Monday, September 28, 2009

Values in Light of Eternity: The Language of Death

We often speak about death as an ending, or a cessation of life. I would wager that death as an end is what we are referring to in over 90 percent of the instances in which we talk about it. And it's understandable. Our most present example of death is physical death. And the most evident property of physical death is its physical effect, and the (apparent) cessation of consciousness. But according to Christianity, that is not the whole story. In fact, there is no instance in which a person ceases to exist in Christian theology. We must reformulate our language of death.

There are in general three types of death (I do not take credit for these categories or definitions, though I don't remember whose they are): spiritual death, physical death, and eternal death, also called Hell. In none of these deaths does a person cease to exist. Death is instead a separation, whether from the body or from God. Only the third is permanent. All of these deaths result from sin, and without sin we would not experience any of them.
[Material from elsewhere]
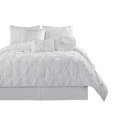 thumbnail image 1 of Chezmoi Collection Sydney 7 Piece Pintuck Comforter Set, Queen, White, 1 of 5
Death as separation rather than cessation obviously has implications for how we live our lives. But what are they? We are all eternal entities, so there is really no such thing as death-as-cessation. An unbeliever suffers all three deaths-as-separation. Christians, however, are cured from one kind of death (spiritual), saved from another (eternal), and conquerors of the last (physical). Christ's atoning death on the cross turned the greatest fear of this world into the gateway to the next one. Death is no longer a punishment for sin, but a method of uniting with Christ (see Grudem, Systematic Theology, chapter 41). The separation of our spirits from our bodies becomes the uniting of our spirits with God. We therefore subsume death into Life.

To a Christian, there is no form of death over which we do not have victory. However, the absence of death-as-cessation means that what we choose in this life does not end at physical death, but carries on into eternity. While believers will be perfected no matter what they do in this life, this consequence means that non-believers are left to grow in their sin for eternity, as their faults and iniquities grow gradually larger and larger. It is obviously essential that they be saved and so be removed from death.

Christians, though, can be encouraged and say with I Corinthians 15:54-55, "Death has been swallowed up in victory. O Death, where is your victory? O Death, where is your sting?"